Salgo a la calle y Madrid sigue a lo suyo, con esa indiferencia cansada de las ciudades que lo han visto todo. Y pienso que a ti te habría gustado: que el mundo no se detuviera, que no hubiera drama innecesario, que la vida continuara torpe y estupenda sin pedir permiso. Pronto llegarán los elogios, las semblanzas, las máscaras públicas del Ussía que fuiste: la prosa indomable; la risa inagotable; la década dorada de la radio; el madridista; el señor de Sotoancho; el dandi; el Cavia; el Ruano; el incorruptible. Para mí fuiste eso y también mi padre. Y escribo porque es la única forma de caminar contigo sin hacer ruido. Entre palabra y palabra encuentro migas de tu sombra, y eso basta –al menos hoy– para que no se me deshaga el alma entre los dedos.
Hoy me siento extranjero en mi propia casa, en estas paredes llenas de marcos y retratos de Muñoz Seca, de Mingote, de ti. Todos quietos. Todos callados
Madrid en blanco y negro
«Que la muerte no es el final» está escrito en la morfina de una fe que no encuentro por ningún lado. Claro que lo es. Siempre lo ha sido. La vida es una tragedia: todas terminan igual de mal. Escribir es mi recompensa y fue tu mejor regalo. Hoy me siento extranjero en mi propia casa, en estas paredes llenas de marcos y retratos de Muñoz Seca, de Mingote, de ti.
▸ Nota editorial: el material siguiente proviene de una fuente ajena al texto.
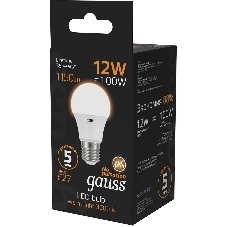 Лампа светодиодная Gauss A60 12Вт цок.: E27 шар 220B 3000K св. свеч. бел. теп. A60 (упак.: 10 шт)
Todos quietos. Todos callados. Fuiste un Beau Brummel con chaqueta de Bel y Cía. No sé qué parte de ti era más del Puerto o de La Concha. Te perdías en Manuel del Palacio para volver siempre a Wodehouse, mientras recorrías La Jaralera entre Cádiz y Sevilla. En La Montaña decidiste quedarte, aunque nunca dejaste de pasear por un Madrid en blanco y negro, copa a copa, verso a verso. Siempre en el centro de la conversación. Con la risa por delante. Seductor, valiente, brillante. Sin una jodida arruga en la camisa. En Norteña se secó tu tinta, escribiendo hasta el último aliento. Sin saber –ni querer– hacer otra cosa.
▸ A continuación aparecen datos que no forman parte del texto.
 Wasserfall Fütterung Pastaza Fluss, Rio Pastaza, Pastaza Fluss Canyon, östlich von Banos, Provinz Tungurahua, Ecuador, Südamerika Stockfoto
Padre e hijo, caminando, en una instantánea del archivo familiar
Foxá, uno de tus poetas, dejó aquello de la «melancolía del desaparecer». Te lo oí tantas veces que ahora interrumpe el silencio con tu voz resignada: «Y pensar que no puedo, en mi egoísmo, llevarme al sol ni al cielo en mi mortaja; que he de marchar yo solo hacia el abismo, y que la Luna brillará lo mismo, y que ya no la veré desde mi caja». No puedo pedirte que vuelvas. Tampoco voy a inventarme consuelos. Te has ido, y eso es una frase que no admite adjetivos. Pero mientras escribo, algo tuyo insiste en quedarse: una anécdota, una forma de mirar, un resto de risa que no sabe disimular. Con eso continúo. Porque lo que duele hoy demuestra que sigues haciendo ruido donde ya no estás.
Y en esa confusión encuentro la manera de no perderte del todo.